_EXERCISE DESCRIPTION:_ Exact copy, no pictures: return only the lines below from the line with "A laundry room" up to and including the line with "Robe de plage en tricot pointelle".

*** DATASET EXTRACT

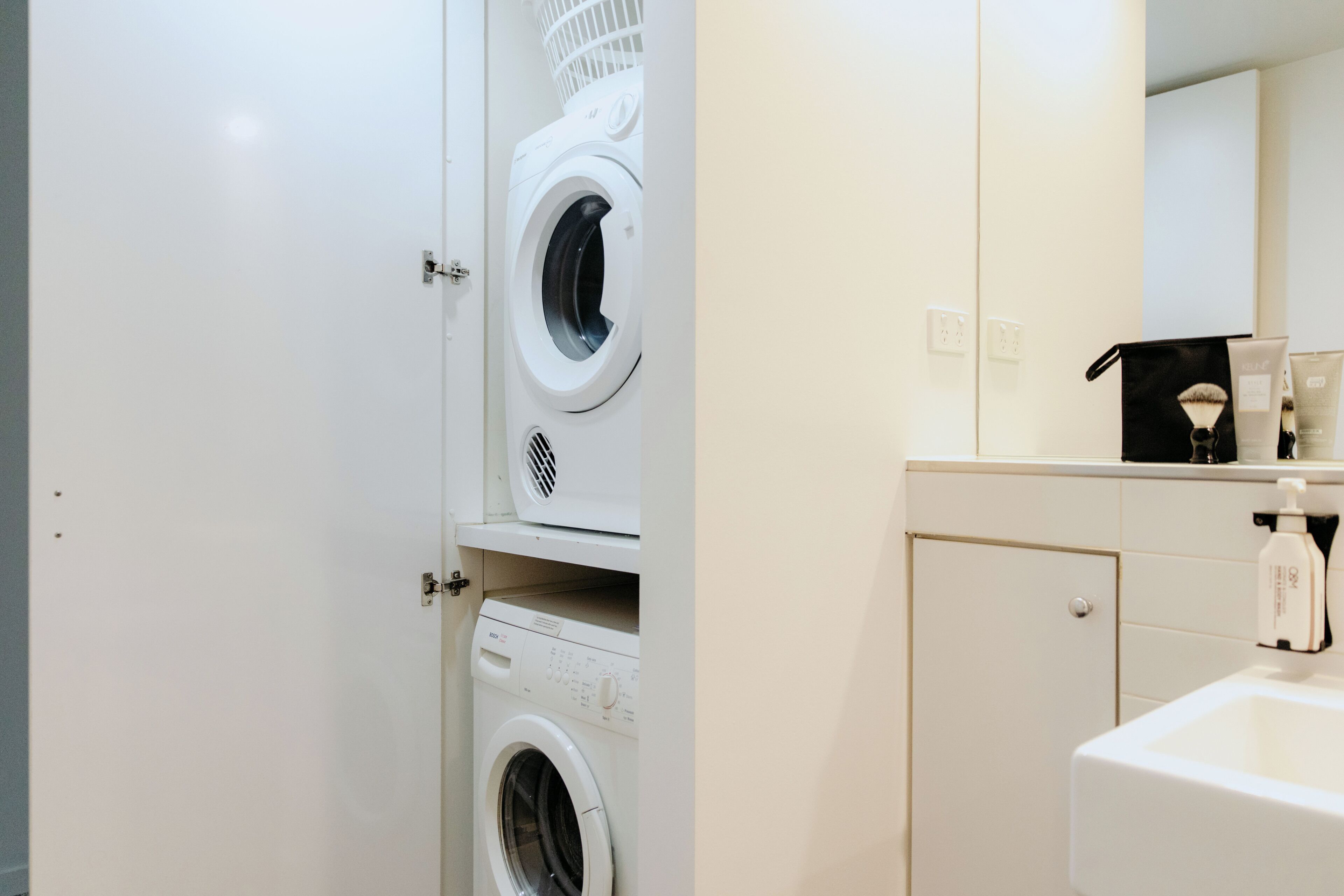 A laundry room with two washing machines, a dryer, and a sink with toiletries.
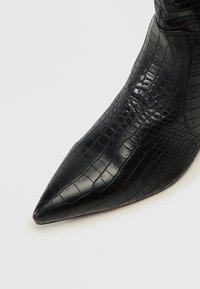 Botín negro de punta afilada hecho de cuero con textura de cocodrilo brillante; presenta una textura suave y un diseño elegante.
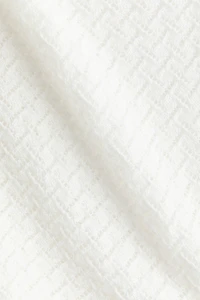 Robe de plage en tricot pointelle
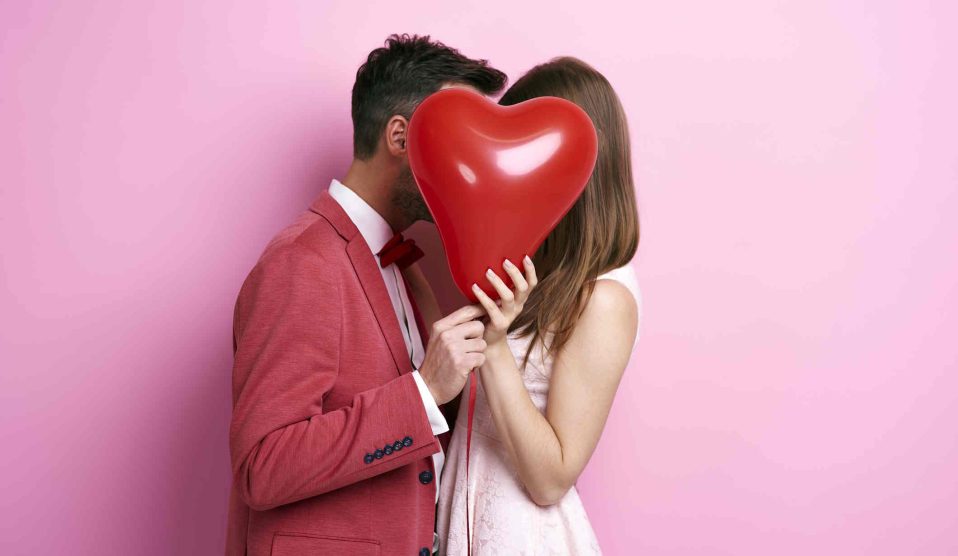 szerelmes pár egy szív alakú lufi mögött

******
*** DATASET EXTRACT

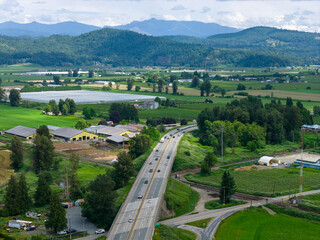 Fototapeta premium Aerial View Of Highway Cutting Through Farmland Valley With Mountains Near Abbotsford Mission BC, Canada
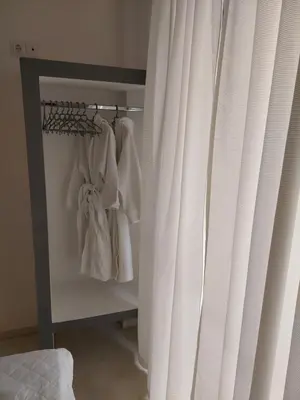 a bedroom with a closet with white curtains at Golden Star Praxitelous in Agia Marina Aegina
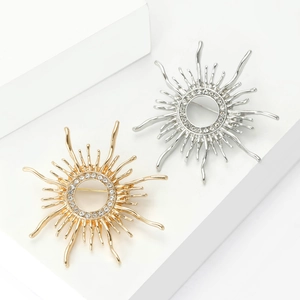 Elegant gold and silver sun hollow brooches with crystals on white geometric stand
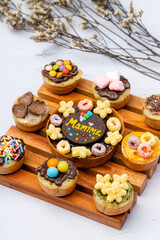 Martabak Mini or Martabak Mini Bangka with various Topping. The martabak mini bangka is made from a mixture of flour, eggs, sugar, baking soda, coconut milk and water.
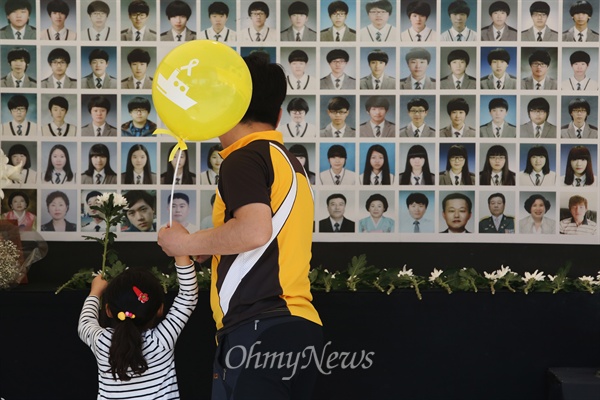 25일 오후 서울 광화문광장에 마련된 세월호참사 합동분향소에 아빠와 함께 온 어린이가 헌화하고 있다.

******

_ANSWER SPACE:_
 A laundry room with two washing machines, a dryer, and a sink with toiletries.
 Botín negro de punta afilada hecho de cuero con textura de cocodrilo brillante; presenta una textura suave y un diseño elegante.
 Robe de plage en tricot pointelle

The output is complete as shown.